They spoke in hushed tones not far from the porch. I watched his face carefully as she waved her hands, gesturing at me, at the officers, at the house. He opened the folder Officer Martinez handed him, scanned the trust documents, frowned, flipped pages.

His shoulders sank.

He looked at Victoria and started speaking, his expression measured, controlled. She went pale. Then flushed red. Then pale again.

I didn’t need to hear the words to know what he was saying.

The trust was ironclad.

Any paperwork she’d had my father sign was meaningless in the face of it.

Not only did she not own the house, but her attempts to claim ownership might have crossed the line into something ugly—fraud, coercion, manipulation of a widower still staggered by grief.

I turned away from them and looked at the house.

Mom’s house.

“My property manager should be here soon,” I said absently, more to myself than anyone else. “The locks need to be changed back. Immediately.”

“You can’t do that!” Lily burst out.

I looked at her again. “Pretty sure I can.”

“This is our summer home,” she said, voice cracking on the word our. “We’ve been coming here for years. You can’t just kick us out. That’s—”

“I’m not kicking anyone out,” I said, surprising us both. “Contrary to your mother’s narrative, I don’t actually enjoy creating drama.”

“Could’ve fooled me,” she muttered, but there was less conviction in it now.

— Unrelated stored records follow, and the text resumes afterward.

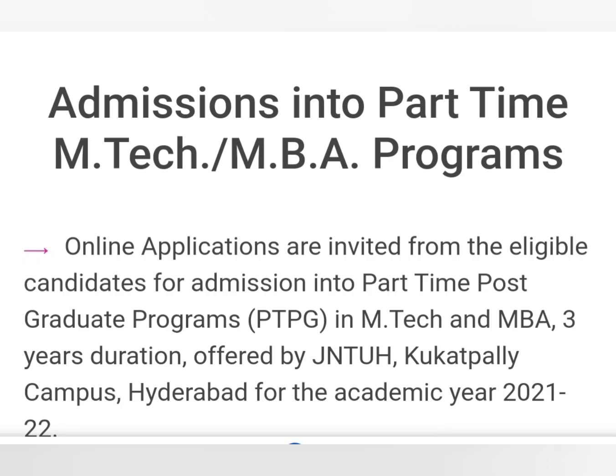You will be able to apply on the AICTE website. If you are interested, apply through the AICTE website.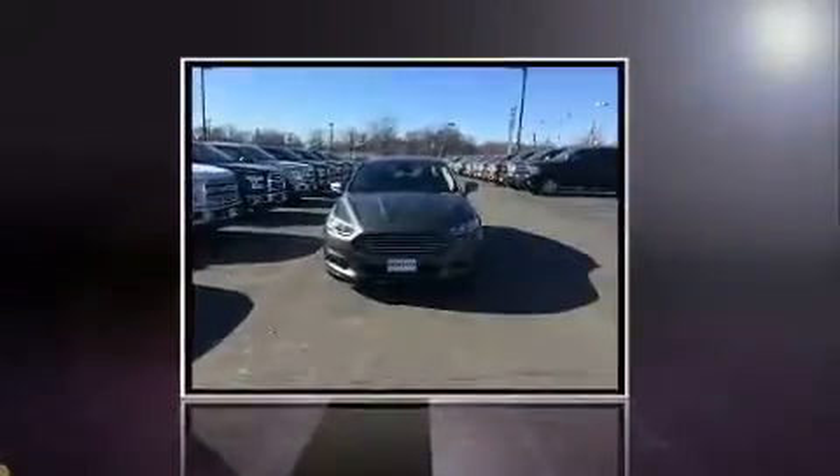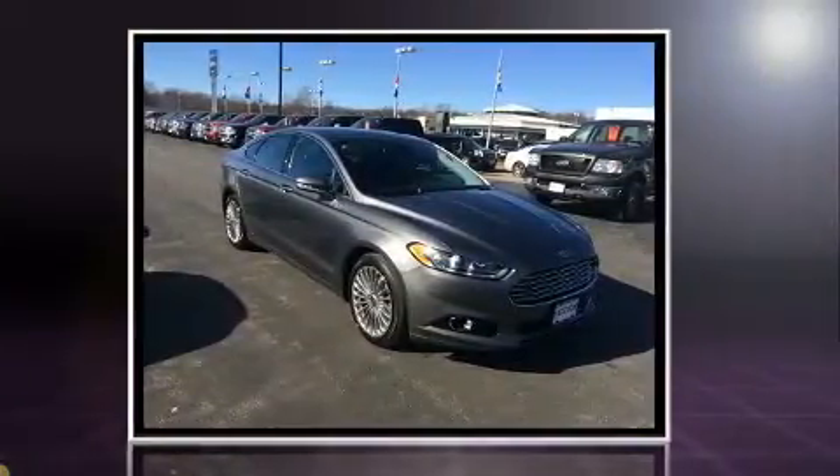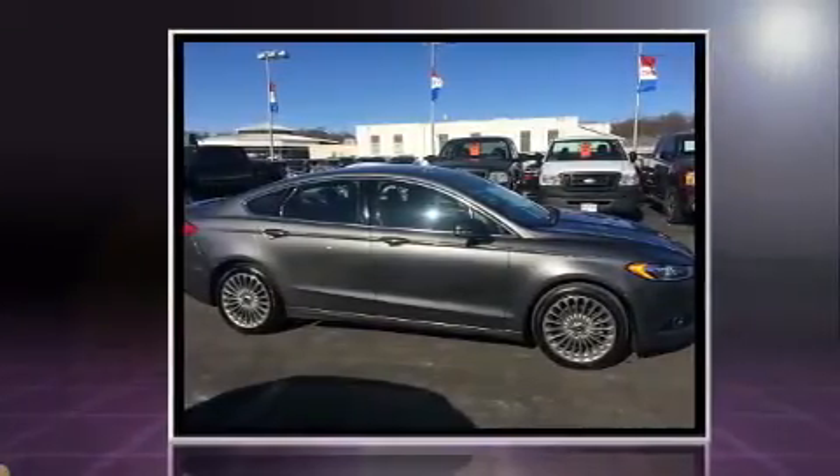The 2013 Ford Fusion. It features an automatic transmission, front-wheel drive, and a two-liter four-cylinder engine. Turbocharger technology provides forced air induction, enhancing performance while preserving fuel economy.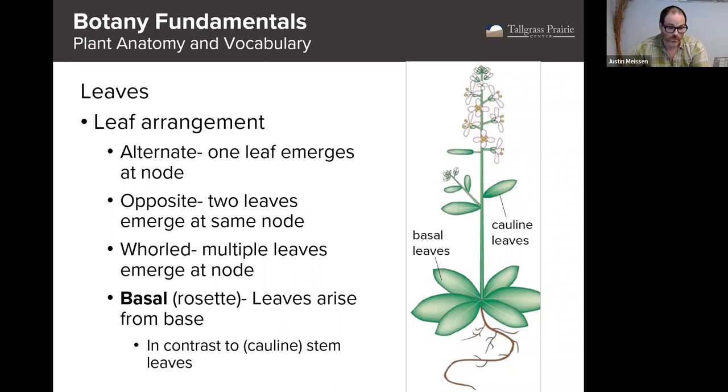Another way to describe leaf arrangement is where the leaves are born on the stem. If leaves are all coming from the base of the plant, we call those basal leaves. Oftentimes we'll refer to a collection of basal leaves as a rosette. For leaves that rise from the stem part of the plant, those we call cauline leaves, or Newcomb's guide will call them stem leaves. I'm going to try to use plain English terms as much as I can, so we'll use the term stem leaves.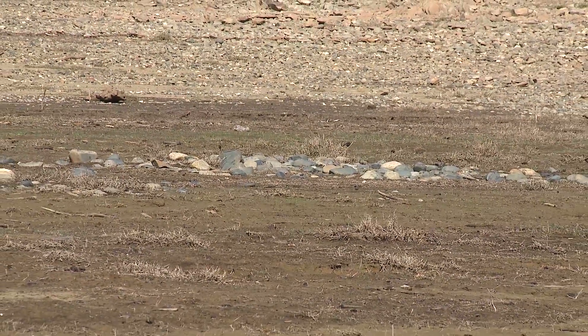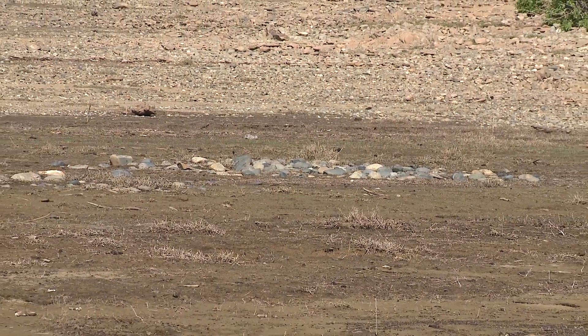Angle 4. Close zoom on rocks on the darker patch of rocky soil, slowly zooming out. A blue sky and trees visible in the distance.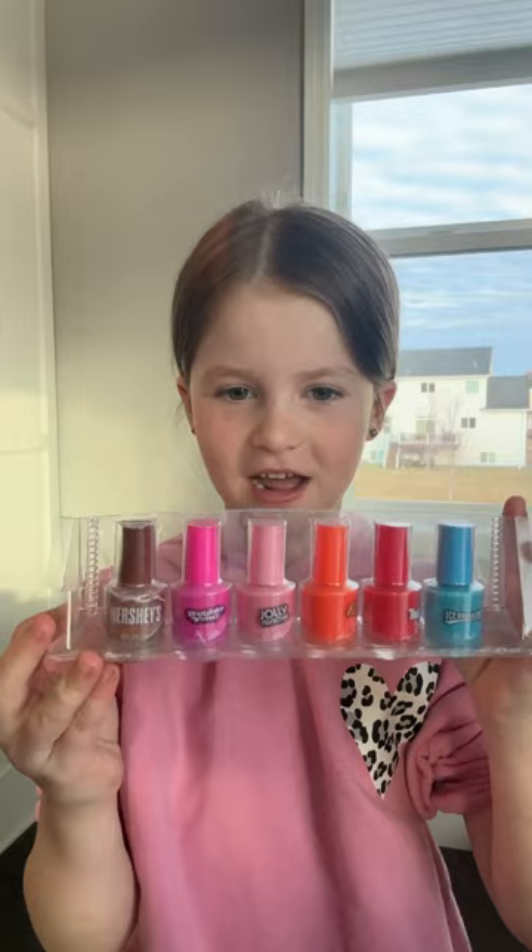My name is Whitney and I'm going to give you a quick review on my six pack of nail polish I got at Hobby Lobby.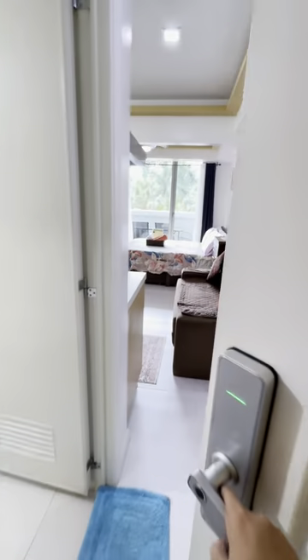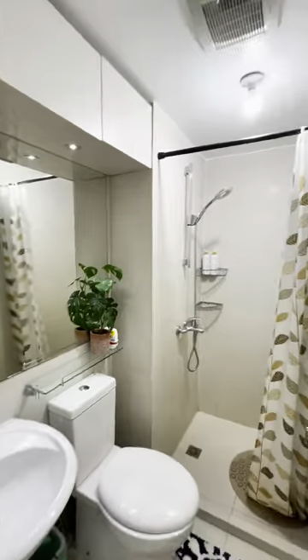Enter your code into the electronic lock and step inside. Discover a full bathroom complete with a refreshing hot and cold shower.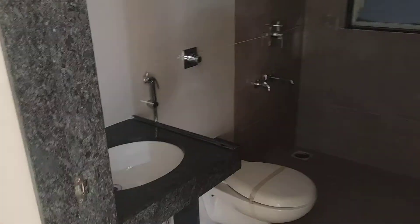The master bedroom will have a separate provision for your wardrobe. The depth is almost 2 feet, and this space you will get in every flat. And this is the attached washroom.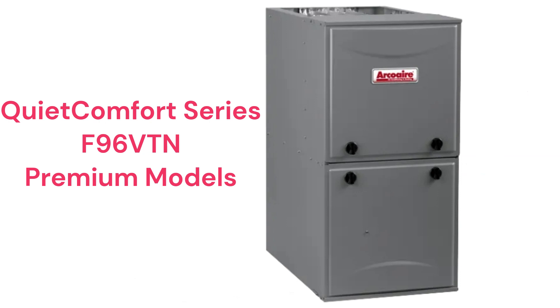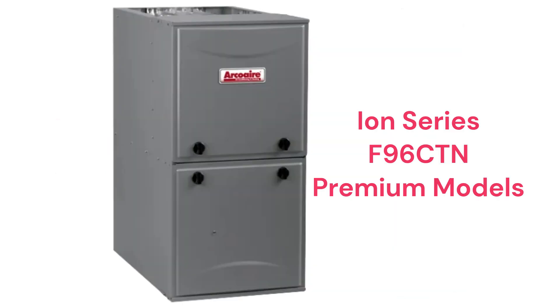The F96 VTN models are premium two-stage furnaces with a 96% AFUE efficiency and variable speed blower and inducer motors, while the F96 CTN models include all of those features plus communicating ability.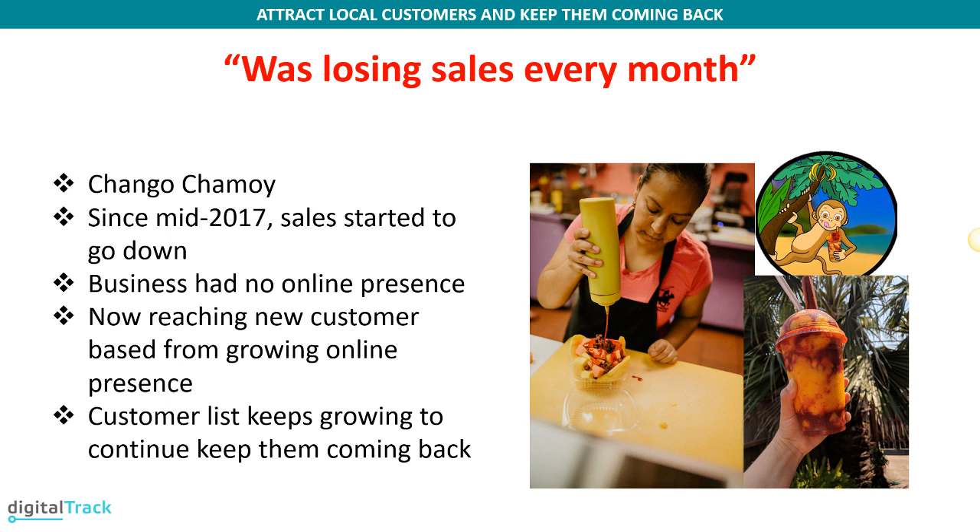This was Changu Chamoy, an ice cream shop in Fairfield. Since May 2017, their sales had been going down really bad. They had a partner who left — that partner was the one promoting them on social media and in other ways. They had a great loyal customer base and great sales, but when that partner left, all of that stopped. A new manager came in but ended up scaring away the loyal clientele, making things even worse. When I came in and implemented the system, it allowed them to recover that loyal customer base, which has been growing little by little while also attracting more local customers in the area.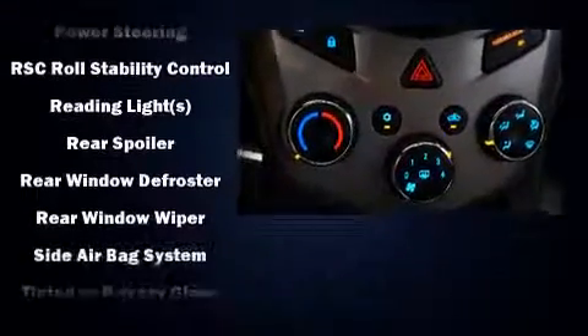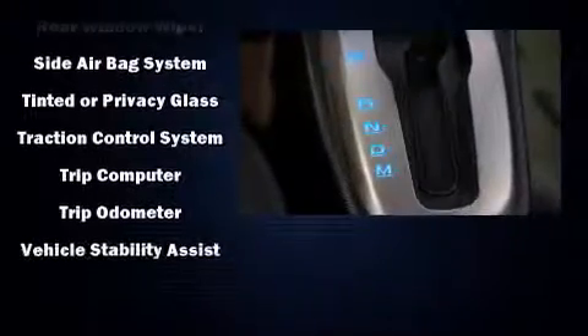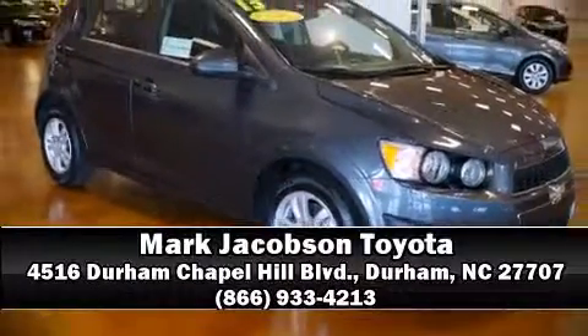It also arrives with a Carfax history report, providing you peace of mind with detailed information. Our sales reps are knowledgeable and professional. Come on in and take a test drive.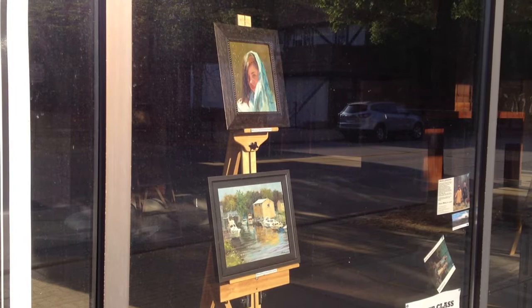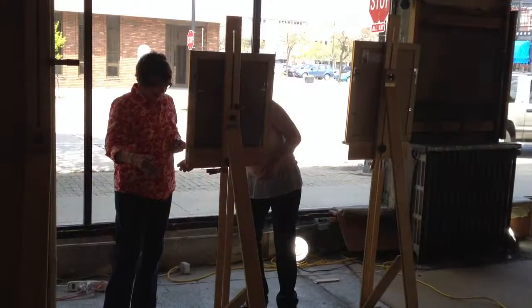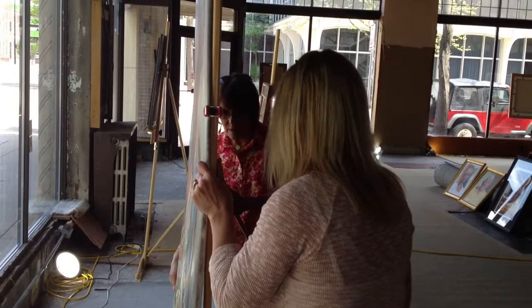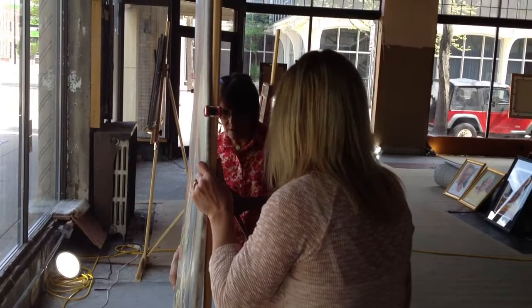It's called a pop-up art gallery because it pops up where you least expect it — in this case, the empty storefront at the corner of Cherry Street and Adams Street. Molly Johnson from the Academy of Fine Art in Denmark began the exhibition last fall and has kept it going with a steady supply of pieces created by both her students and her staff.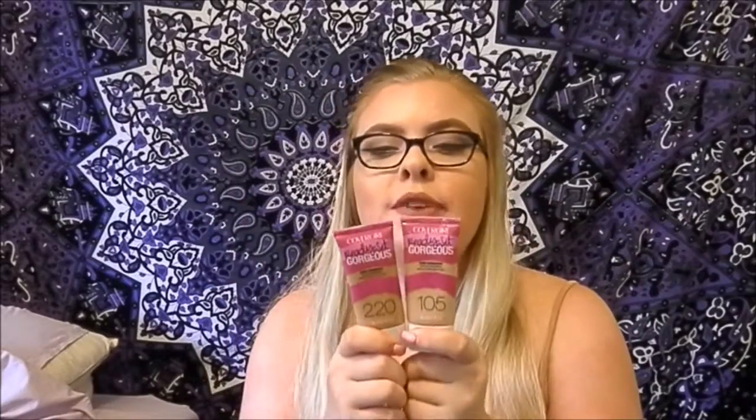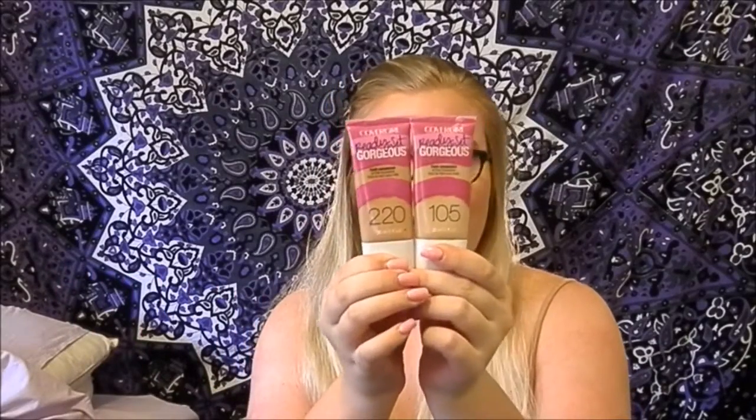This foundation — I've talked about it on my channel before — it is the CoverGirl Ready Set Gorgeous Foundation. I have two: one for when I'm tan, which I have in Soft Honey, and one for when I'm pale AF like right now, in Classic Ivory — that's the lightest color, 105. That's a really big difference from 105 to 220. It's the most easy to blend, it's a medium coverage, but you can build it up. I'm wearing it in like 90% of my videos.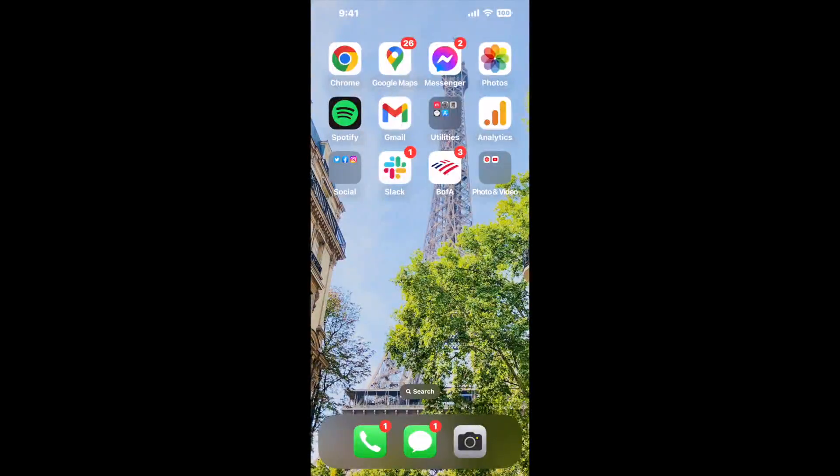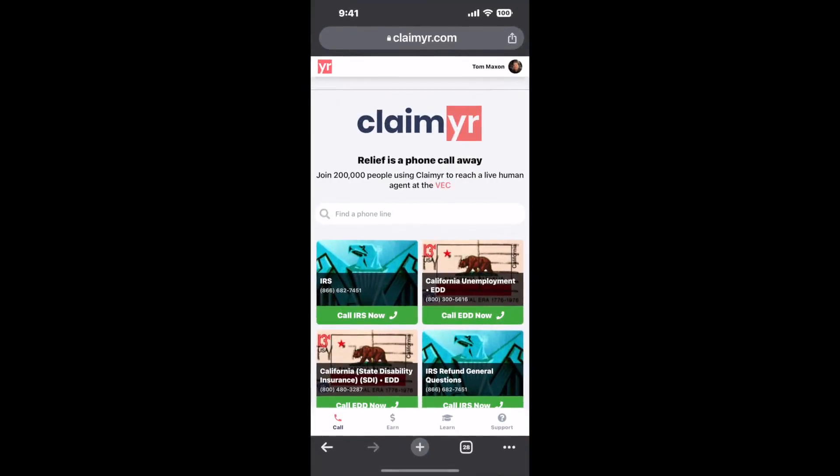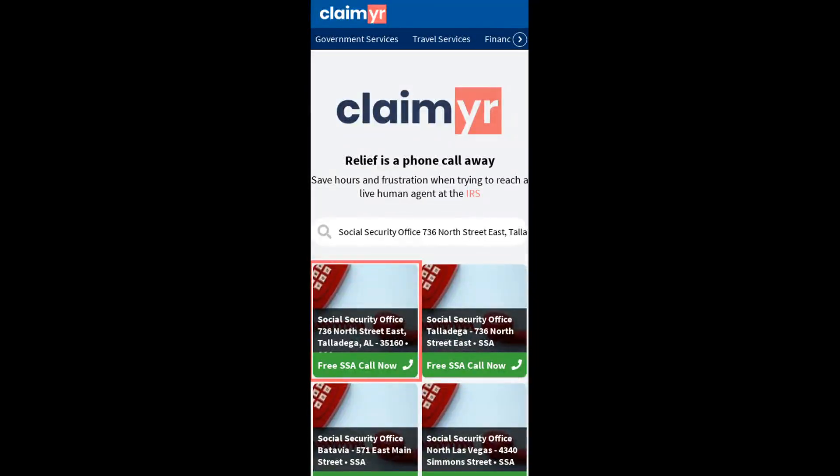Now the next method is the better way to reach a live person at Social Security Office 736 North Street East, Talladega, Alabama 35160. I built a calling tool. To use it, open up your browser, go to claimer.com, and search for the Social Security Office 736 North Street East, Talladega, AL 35160 option.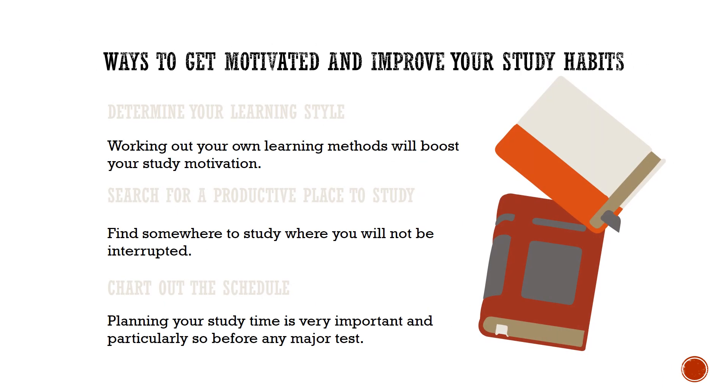These habits can give you the right motivation to study hard. Determine your learning style — working out your own learning methods will boost your study motivation.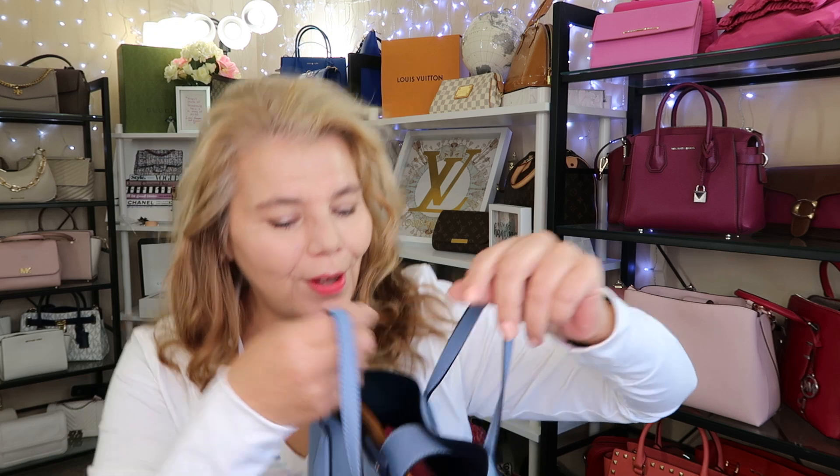Hi everyone, welcome back to my channel, the MK Lady. I have a birthday haul here — it's a designer brand I haven't had before. I had my eye on it for about six or eight months and finally found one on a pre-loved site because I can't afford the actual price, which is like $1,600 to $1,800. I found it pre-loved for half the cost. I also got a few things for myself and my son — it is kind of a major birthday haul.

“This house has always been a family home,” I continued. “But it’s my family’s legacy—and I mean Mom’s family. My grandparents. Her. Me. I’m not going to let anyone erase that. If you want to come here in the future, you can. But it will be as guests. Not as people trying to claim ownership.”

It wasn’t magnanimous. It didn’t erase the hurt. But it felt… right.

Victoria stormed past us a few minutes later, heels digging into the shells as she stalked to her Mercedes. She yanked the door open, took one last look at the house—as if memorizing it in case she never saw it again—and then slammed herself inside.

The car tore out of the driveway, shells flying, the NO TRESPASSING sign rattling in her wake.

Lily glanced between me and my father, then jogged after her mother, climbing into the passenger side just as the car disappeared back into the fog.

Silence descended over the driveway.